I don’t know that well what American political philosophy says about educating your youngsters. In Singapore, under LKY (although this is beginning to disappear), we had a political leader who was a stern disciplinarian. He hectored his children to strive for excellence and consistently do better. That was the Asian way, and it was consistent with how things were done elsewhere in Asia. But not necessarily something that Westerners were uncomfortable with.

Singapore had always punched above its weight diplomatic way because of our unique situations. I was conversing with an old friend and he told me that Southeast Asia had a very Indian substratum. Indonesia is called Indonesia because the entire region had such a heavy Indian influence that it was practically an extension of India. We were basically an archipelago of Indian temples in the beginning. Then we absorbed Arab and Chinese culture. Then we had contact with the West. This unique set of circumstances allows us a good insight into at least one half of the world’s population. LKY became an explainer to many of the world leaders and I can imagine that he would have helped to smooth things over between the West and many of the Southeast Asian countries, at a time when the Vietnam War was waging. When Margaret Thatcher praised LKY for being really smart, I wonder if LKY had something to do with being able to bring Deng Xiaoping to the table with her to discuss Hong Kong.

The great concern of westerners in politics stems in large part from their particular colonial experience. Westerners are greatly concerned with power relations because it is the particular experience of westerners that anybody who has power will screw around those people who do not have power. If I had to sum up Confucianism in two words, it is “noblesse oblige”. It assumes that it is possible that extremely unequal power relations exist in society, but this arrangement can still be beneficial for all parties. This is the aspect of Confucianism which flies in the face of most western philosophy.

Another thing about LKY is that he was probably extroverted enough to want to communicate with people all the time. Unlike many of the other Asian leaders who were secretive, he was not shy about reaching out to other world leaders. He spoke in English, and was able to communicate directly to the Western world without the need for an interpreter. For other leaders, it was possible that the language barrier made an excuse that you didn’t have to understand each other. It was not possible with LKY.

That’s why he initiated this conversation with Asian Values. I was pretty intrigued when I went to Snowy Hill and I wanted to take a history course in Southeast Asia, and I saw on the course syllabus that when it came to Singapore and Malaysia, they talked about the Asian Values debate. Unfortunately I didn’t take that course then and when I returned the next year, the next edition of that course did not talk about Asian Values. Asian Values is a debate that is probably more significant to the westerners than Singaporeans. Singaporeans either live and breathe Asian Values all the time so it’s pretty insignificant to them, or Asian Values is just a charade. Either way we don’t care about that debate so much. Because it’s not an existential crisis for us. It’s not a challenge to our deeply held and cherished values.
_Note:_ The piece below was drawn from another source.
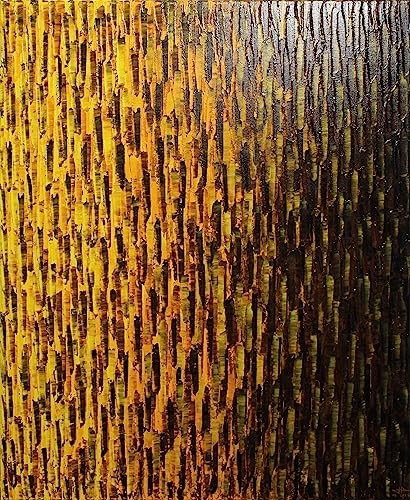 Tableau contemporain sur toile pour habiller un mur vide avec un fondu jaune marron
In a way I think that LKY matters because he started this very big debate about Asian Values. It was a challenge to much that the West believed in. For a while it was possible to believe that the whole world was careening towards liberal democracy. Asian Values changed that. At first, it was just a rip in the fabric, with a few Asian Tigers adopting the model. Then later, you had this large behemoth called China going down a road which more closely resembled what was articulated in “Asian Values” rather than what the West was like. And suddenly the rest of the third world are starting to wonder what’s so great about liberal democracy.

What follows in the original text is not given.